→ Information provided:

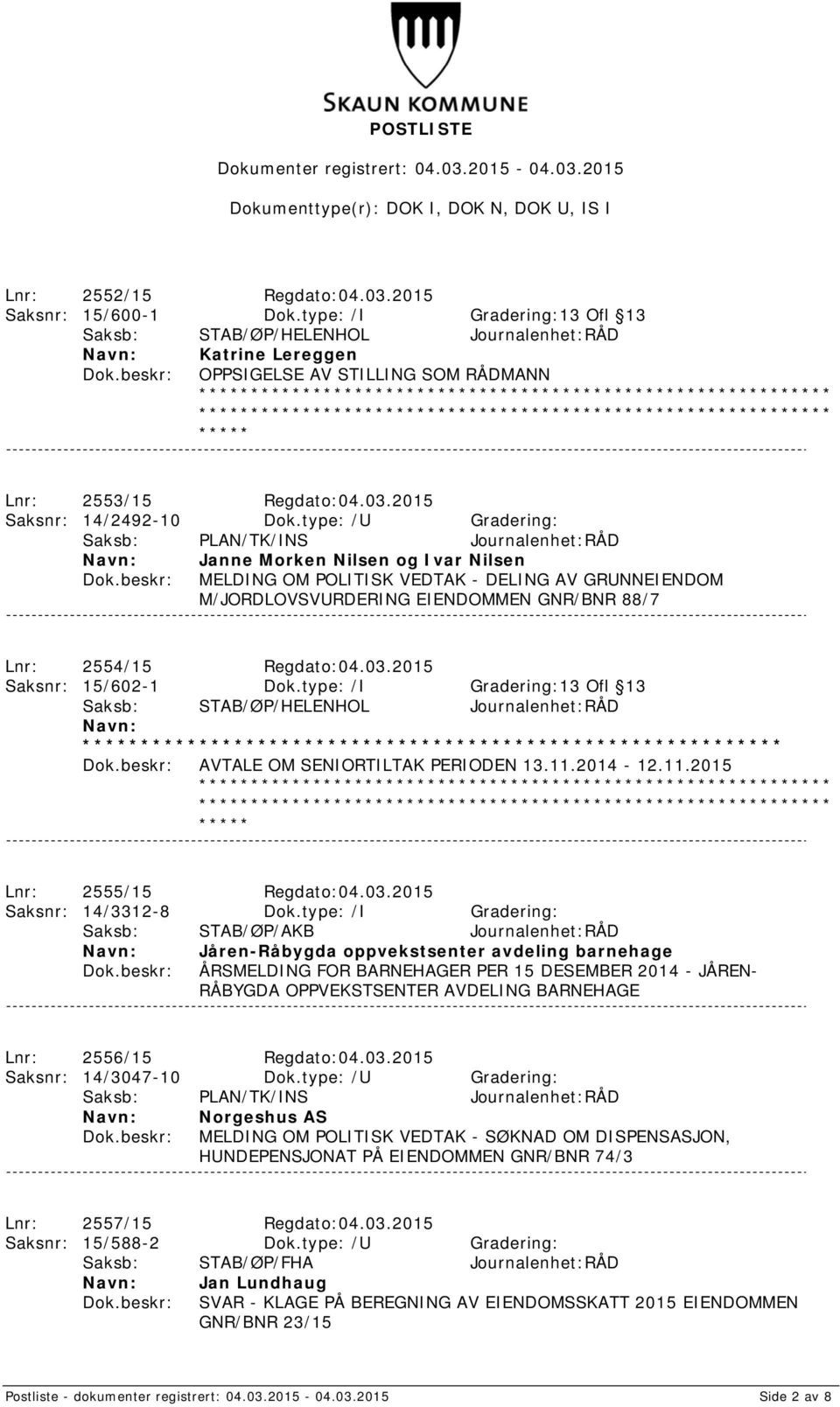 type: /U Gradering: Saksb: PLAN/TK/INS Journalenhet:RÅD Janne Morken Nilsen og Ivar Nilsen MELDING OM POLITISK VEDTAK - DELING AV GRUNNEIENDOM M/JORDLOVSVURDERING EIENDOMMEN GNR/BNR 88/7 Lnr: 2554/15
==
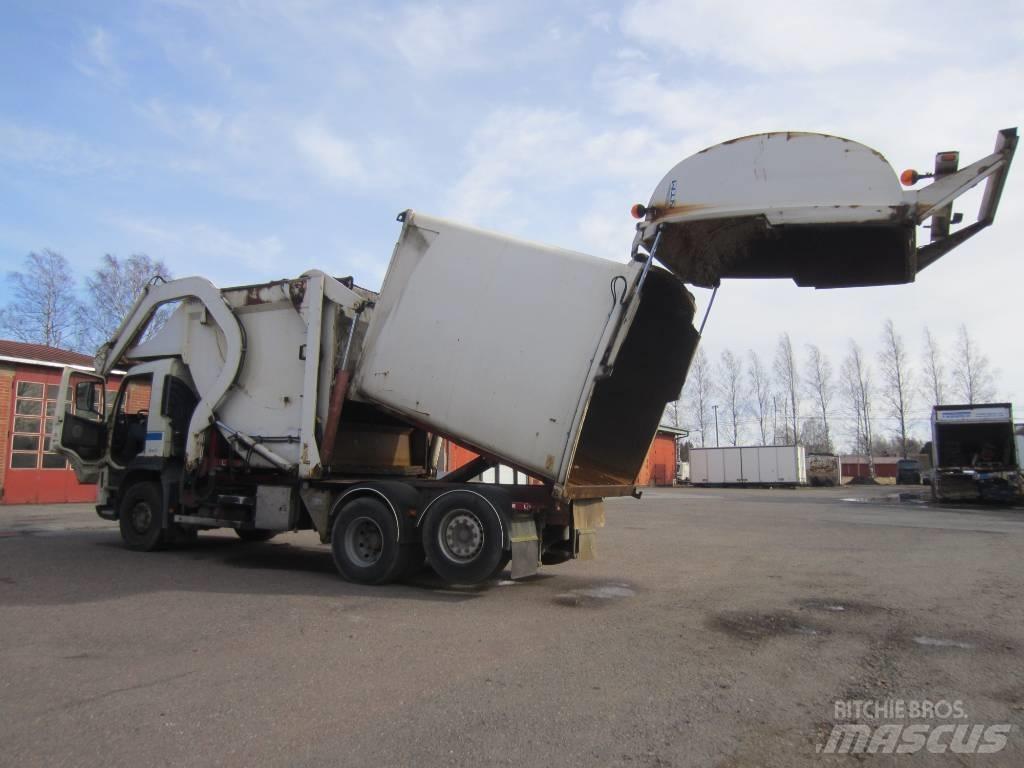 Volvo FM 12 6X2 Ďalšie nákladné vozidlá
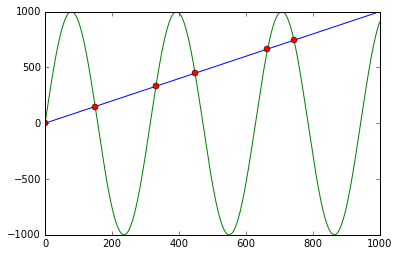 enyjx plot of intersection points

→ Work to be completed: Beginning with the line that contains "Volvo FM 12 6X2 Ďalšie nákladné vozidlá", write out the lines of the material above exactly, and end with the line that contains "enyjx plot of intersection points". Omit the pictures.

→ Reply:
 Volvo FM 12 6X2 Ďalšie nákladné vozidlá
 enyjx plot of intersection points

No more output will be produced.